Data shown ::
********************
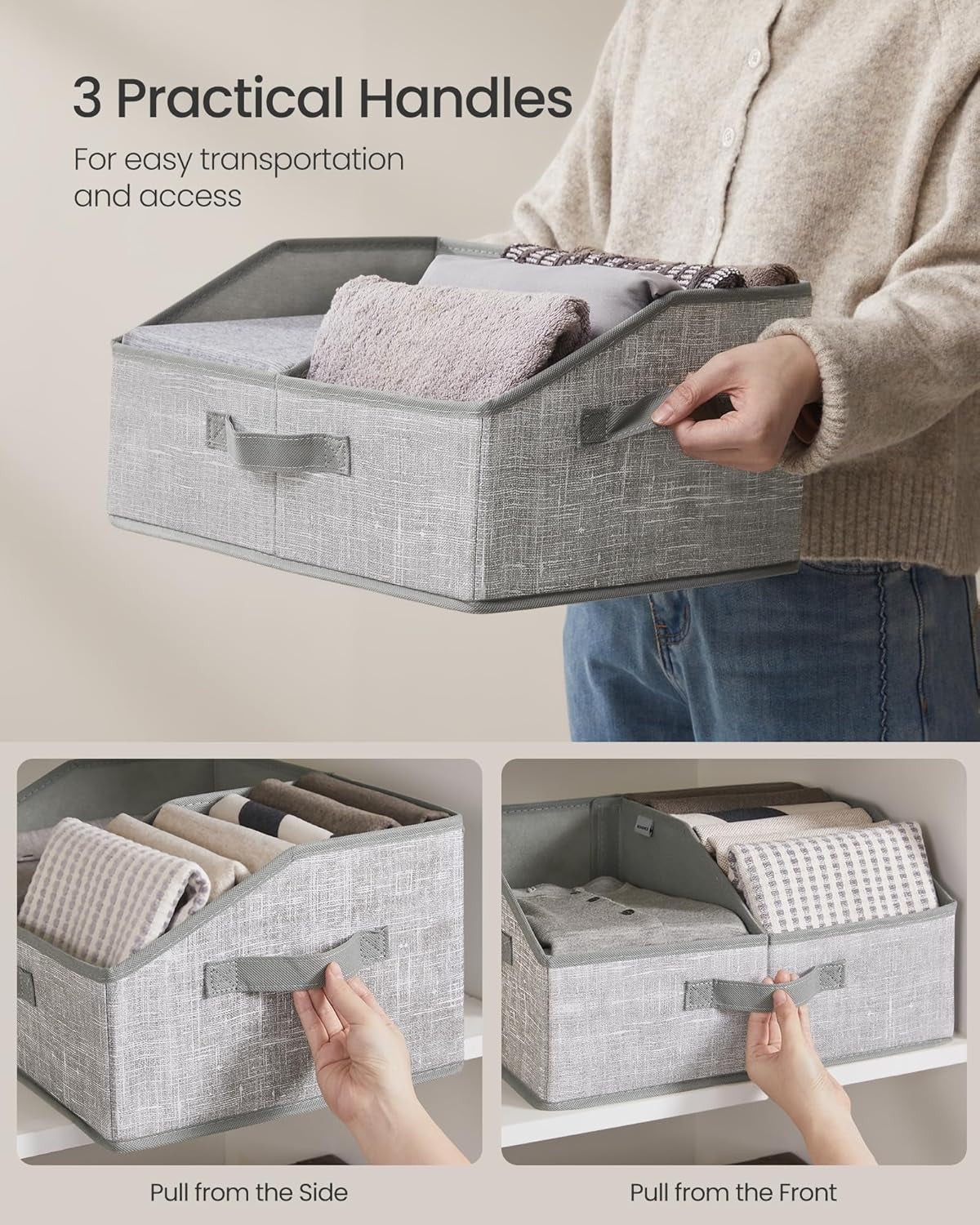 Set of 6 Storage Baskets, Foldable Storage Bins, Fabric Boxes, 15.7 X 11.8 X 7.9 Inches, Closet Storage Organizers, 3 Handles, for Bedroom, Living Room, Cattail Gray URFB0140G01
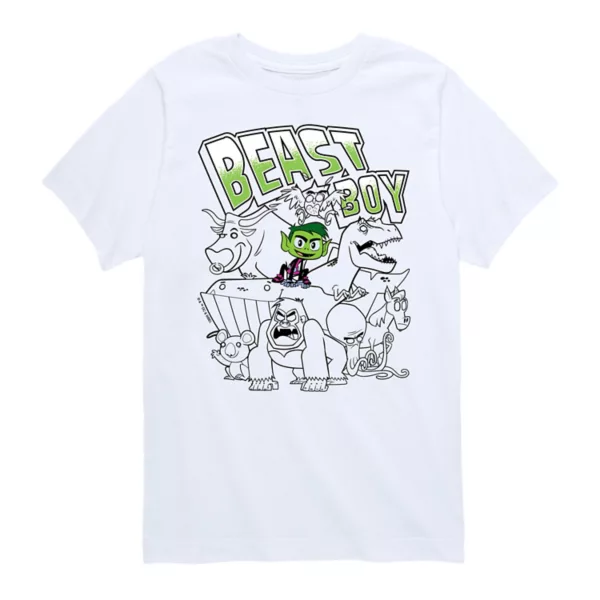 

Футболка с принтом Beast Boy из Teen Titans Go для мальчиков 8-20 лет Licensed Character, белый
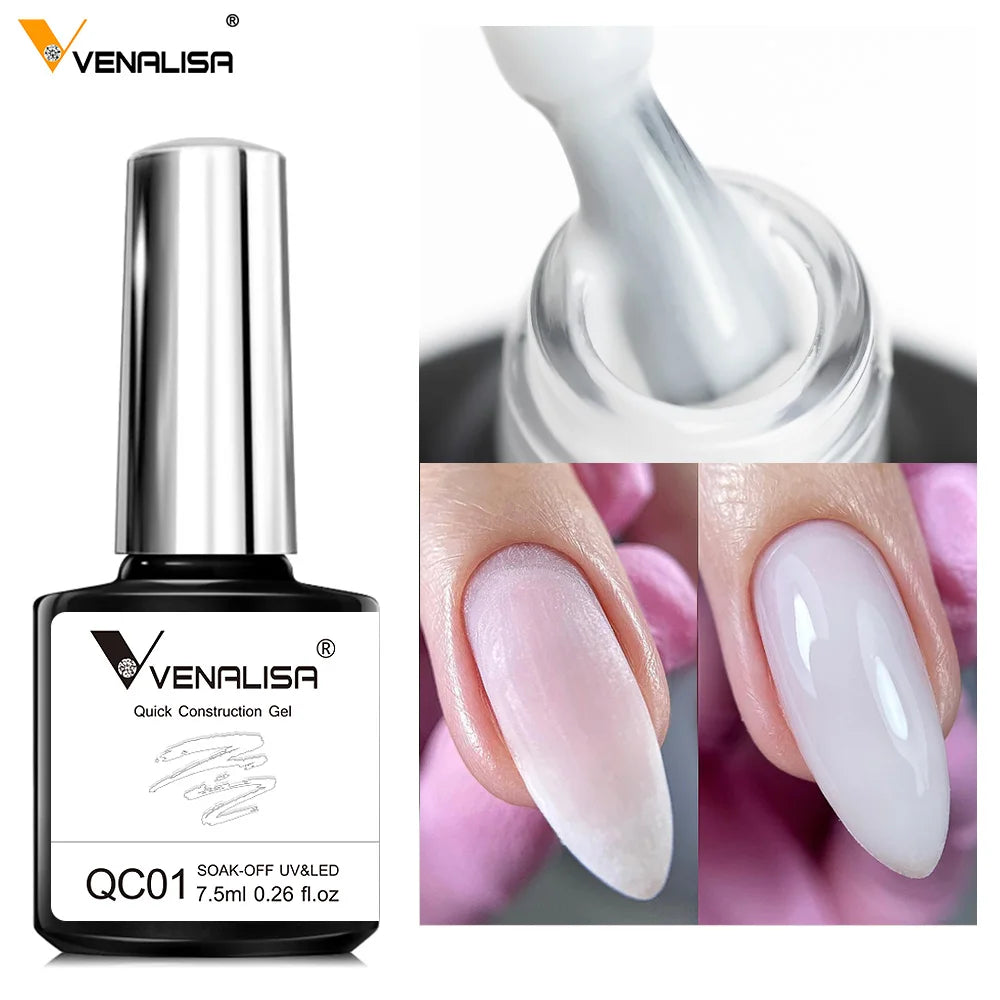 VENALISA 7.5ml Quick Construction Gel Semi Transparent Jelly Color Nail Gel Polish Strengthener Soak Off UV LED Nude Pink Gel Lootquake LLC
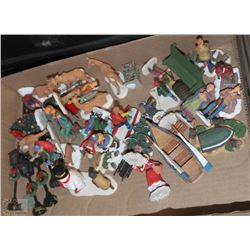 FLAT OF 40 LEMAX CHRISTMAS FIGURINES & ACCESSORIES
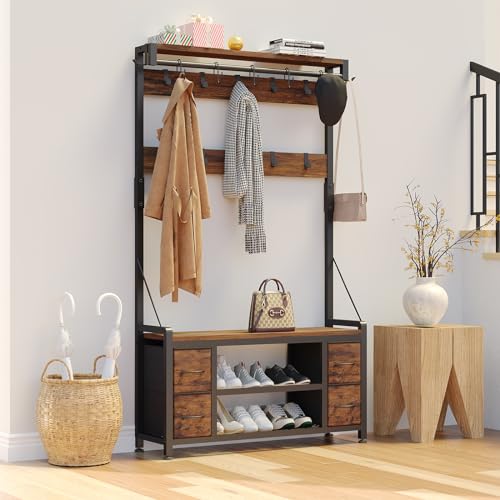 39-Inch Hall Tree with Storage Bench and Coat Rack - Rustic Brown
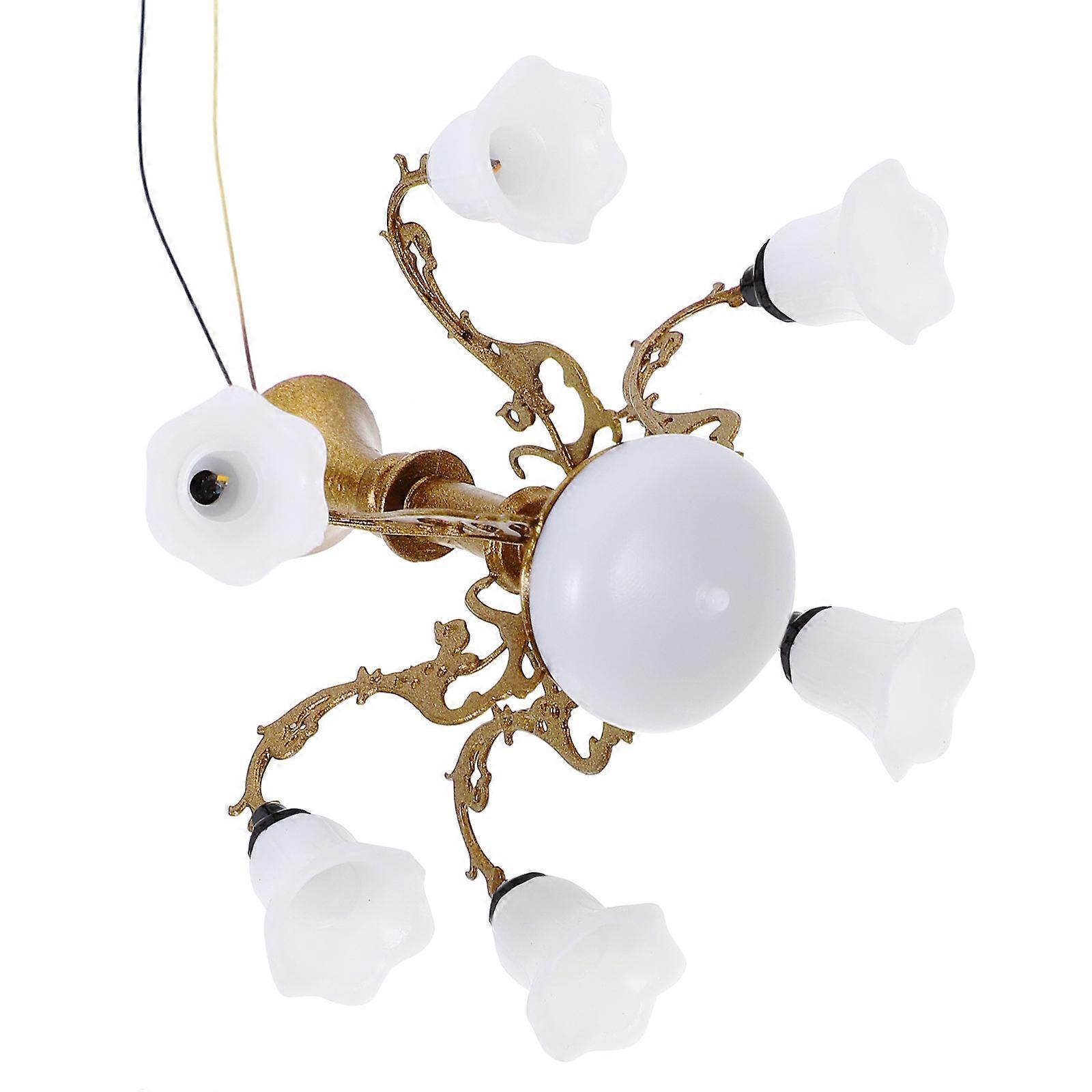 Dollhouse Ceiling Lights Miniature Chandelier Diy Enthusiasts Gold 2.6 2.6 1.8in 1Pcs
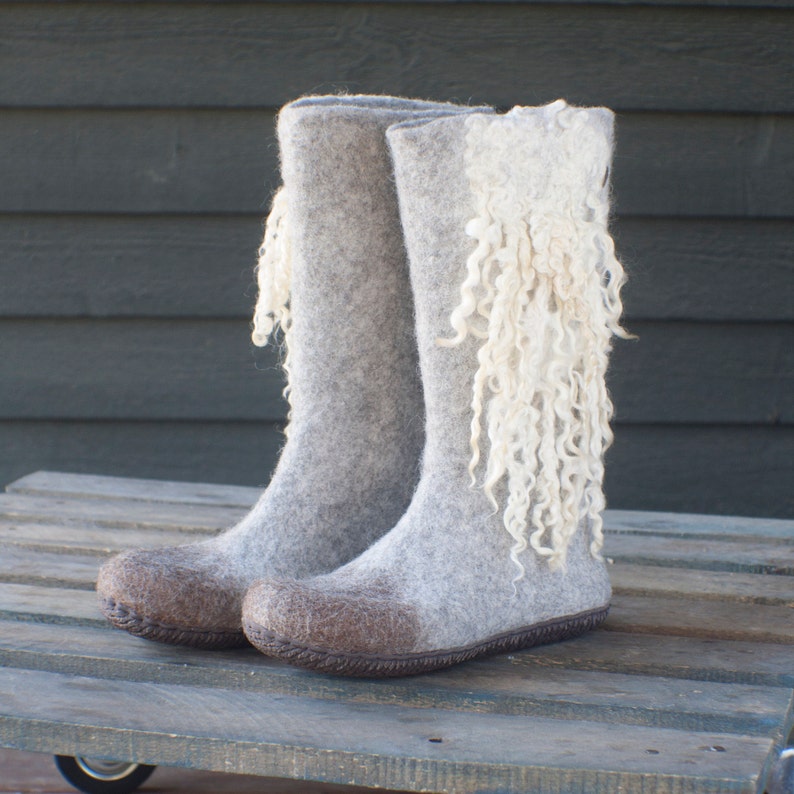 Women's Felted Boots Valenki From Organic Wool Felted With Natural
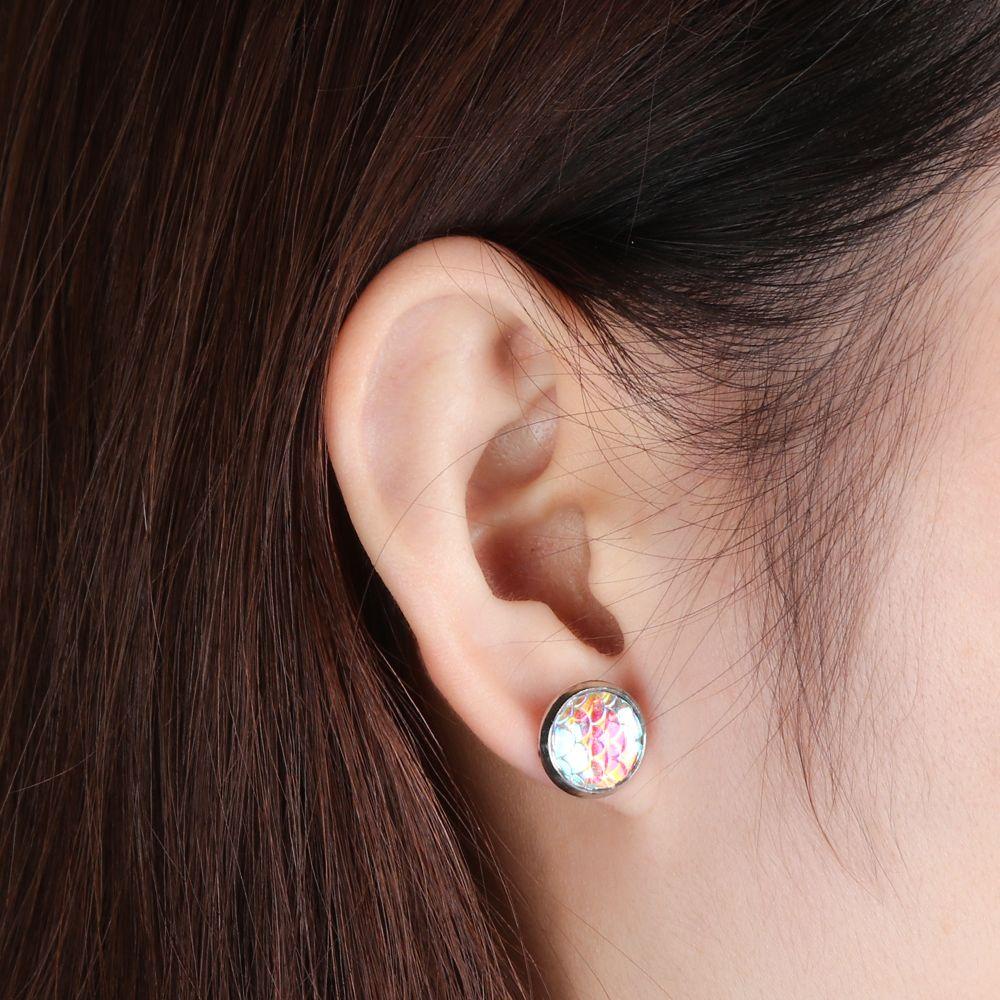 Set 6 Đôi Bông Tai Họa Tiết Vảy Cá Thời Trang Dự Tiệc|Trang Sức Vòng Tròn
********************
Exercise aim ::
No pictures belong in the copy. Repeat the entries exactly.

Output of the exercise ::
 Set of 6 Storage Baskets, Foldable Storage Bins, Fabric Boxes, 15.7 X 11.8 X 7.9 Inches, Closet Storage Organizers, 3 Handles, for Bedroom, Living Room, Cattail Gray URFB0140G01

Футболка с принтом Beast Boy из Teen Titans Go для мальчиков 8-20 лет Licensed Character, белый
 VENALISA 7.5ml Quick Construction Gel Semi Transparent Jelly Color Nail Gel Polish Strengthener Soak Off UV LED Nude Pink Gel Lootquake LLC
 FLAT OF 40 LEMAX CHRISTMAS FIGURINES & ACCESSORIES
 39-Inch Hall Tree with Storage Bench and Coat Rack - Rustic Brown
 Dollhouse Ceiling Lights Miniature Chandelier Diy Enthusiasts Gold 2.6 2.6 1.8in 1Pcs
 Women's Felted Boots Valenki From Organic Wool Felted With Natural
 Set 6 Đôi Bông Tai Họa Tiết Vảy Cá Thời Trang Dự Tiệc|Trang Sức Vòng Tròn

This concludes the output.